Manchester became a city in 1853, and by 1855 could boast 95 cotton mills and 1,724 warehouses. The city fathers wanted to be seen to be developing a cultural thread ito their city’s life, their theme for the show was advancing culture in an industrial city. A general committee was chaired by the Lord Lieutenant of Lancashire, the executive committee was chaired by Thomas Fairbairn son of a local iron founder. John Deane a commissioner of the 1853 Dublin event was appointed General Commissioner.

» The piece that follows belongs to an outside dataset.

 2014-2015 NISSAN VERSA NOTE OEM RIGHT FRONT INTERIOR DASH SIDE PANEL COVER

The event’s notion had been prompted both by the Great Exhibition and more specifically by an 1854 book by Dr Gustav Waagen, an art historian. It listed art treasures around Britain that were not on display to the public. A member of the Society of Arts read the book and had the idea of approaching the works’ owners to loan them for an exhibition. He gained the support of a leading Manchester industrialist who also pursued an interest in art. There was no public money available but a hundred wealthy Mancunians, perhaps inspired by the success of the Great Exhibition, contributed £74,000 to kick-start the venture

Sir Humphrey de Trafford offered a three-acre site that had been being used by Manchester Cricket Club, moving them off to Old Trafford. The site was served by a new railway station, extending an existing railway line (Manchester, South Junction and Altrincham), which enabled special railway excursions to the event. It was also close to the Manchester Botanical Gardens. The site is today’s White City Retail Park.
The team had pedigree, the main contractors were C D Young & Co who were already working on what would become the V&A Museum, the designer was Francis Fowke who later designed the Natural History Museum.

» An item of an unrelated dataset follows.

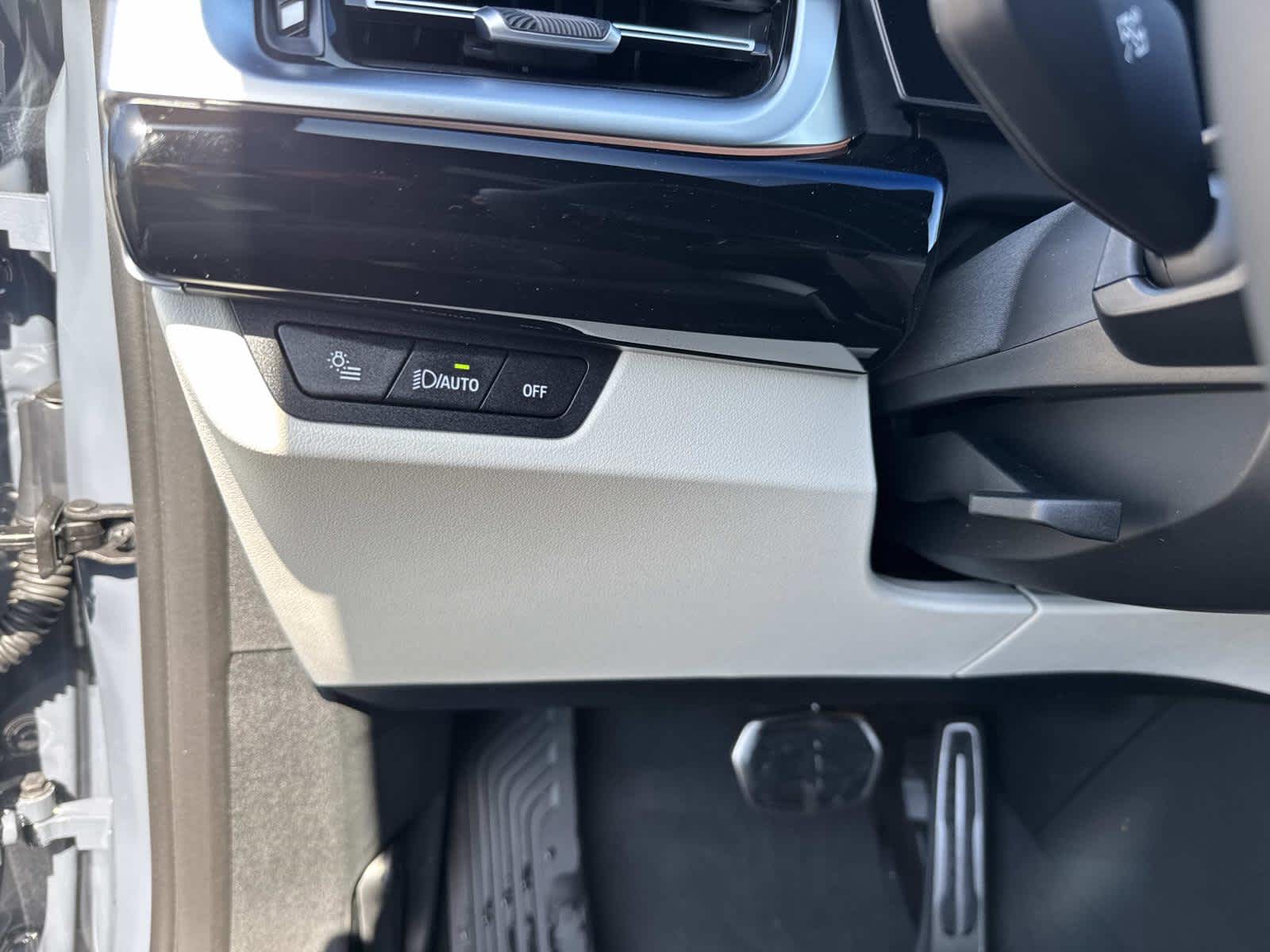 2026 BMW X2 xDrive28i xDrive28i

The venue was a temporary iron-and-glass structure, deliberately planned to be similar to the Crystal Palace 200m (656 ft) long and 61m (200 ft) wide, with a barrel vault 17m (56 ft) wide with a 32m (104 ft) wide central gallery running the length of the building. There was a 32m (104 ft) transept. It used 660 tons of cast iron, 610 tons of wrought iron, 65,000 sq ft (6,000 sq m) of glass and over 1,500,000 bricks. The building cost £7,000, and when demolished, in 1858, it realised £2,836.

This claimed to be the largest art exhibition ever held in the UK, with 16,000 works on display in ten categories – Old Masters (1,000 works), Modern Masters (5,000 works), British Portraits and Miniatures, Water-colours, Ancient Sketches/Drawings, Engravins, Illustrations or Photography, works of Oriental Art, objects of Oriental Arts, and Sculpture (700 pieces). The display of paintings was arranged in chronological order and divided into geographical categories with Italian art on one wall and other nations opposite. This enabled the viewer to learn about the development of art practice over time and to compare regional approaches.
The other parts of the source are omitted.